> _AVAILABLE DATA_
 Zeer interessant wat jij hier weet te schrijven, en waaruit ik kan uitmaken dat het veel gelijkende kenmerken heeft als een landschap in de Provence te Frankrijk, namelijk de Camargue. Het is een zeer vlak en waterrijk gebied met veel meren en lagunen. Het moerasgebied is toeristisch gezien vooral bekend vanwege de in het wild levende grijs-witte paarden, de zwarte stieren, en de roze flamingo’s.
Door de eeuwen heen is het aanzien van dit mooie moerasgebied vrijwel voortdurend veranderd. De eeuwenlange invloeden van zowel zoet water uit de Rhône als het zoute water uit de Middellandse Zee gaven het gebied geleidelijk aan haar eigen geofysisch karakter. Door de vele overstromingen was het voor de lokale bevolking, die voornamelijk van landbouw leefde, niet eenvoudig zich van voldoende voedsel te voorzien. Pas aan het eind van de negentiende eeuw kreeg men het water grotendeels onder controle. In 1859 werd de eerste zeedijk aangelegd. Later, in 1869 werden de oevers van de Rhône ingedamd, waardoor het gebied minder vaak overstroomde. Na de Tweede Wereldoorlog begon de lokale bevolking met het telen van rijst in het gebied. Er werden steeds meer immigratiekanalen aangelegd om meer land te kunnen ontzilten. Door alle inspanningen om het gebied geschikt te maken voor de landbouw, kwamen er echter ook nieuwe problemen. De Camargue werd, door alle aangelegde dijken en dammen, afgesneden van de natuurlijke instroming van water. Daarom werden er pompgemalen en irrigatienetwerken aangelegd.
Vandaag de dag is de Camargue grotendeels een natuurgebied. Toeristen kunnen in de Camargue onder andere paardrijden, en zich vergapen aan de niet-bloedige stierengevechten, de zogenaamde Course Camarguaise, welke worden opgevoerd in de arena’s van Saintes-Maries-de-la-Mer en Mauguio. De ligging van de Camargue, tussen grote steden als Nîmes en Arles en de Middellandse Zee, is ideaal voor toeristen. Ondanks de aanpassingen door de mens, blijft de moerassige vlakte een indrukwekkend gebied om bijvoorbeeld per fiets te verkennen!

> _TO DO_
Retype exactly the lines of the data above, starting at its first line and finishing with the line that has "Door de eeuwen" in it.

> _RESPONSE TO THE TASK_
 Zeer interessant wat jij hier weet te schrijven, en waaruit ik kan uitmaken dat het veel gelijkende kenmerken heeft als een landschap in de Provence te Frankrijk, namelijk de Camargue. Het is een zeer vlak en waterrijk gebied met veel meren en lagunen. Het moerasgebied is toeristisch gezien vooral bekend vanwege de in het wild levende grijs-witte paarden, de zwarte stieren, en de roze flamingo’s.
Door de eeuwen heen is het aanzien van dit mooie moerasgebied vrijwel voortdurend veranderd. De eeuwenlange invloeden van zowel zoet water uit de Rhône als het zoute water uit de Middellandse Zee gaven het gebied geleidelijk aan haar eigen geofysisch karakter. Door de vele overstromingen was het voor de lokale bevolking, die voornamelijk van landbouw leefde, niet eenvoudig zich van voldoende voedsel te voorzien. Pas aan het eind van de negentiende eeuw kreeg men het water grotendeels onder controle. In 1859 werd de eerste zeedijk aangelegd. Later, in 1869 werden de oevers van de Rhône ingedamd, waardoor het gebied minder vaak overstroomde. Na de Tweede Wereldoorlog begon de lokale bevolking met het telen van rijst in het gebied. Er werden steeds meer immigratiekanalen aangelegd om meer land te kunnen ontzilten. Door alle inspanningen om het gebied geschikt te maken voor de landbouw, kwamen er echter ook nieuwe problemen. De Camargue werd, door alle aangelegde dijken en dammen, afgesneden van de natuurlijke instroming van water. Daarom werden er pompgemalen en irrigatienetwerken aangelegd.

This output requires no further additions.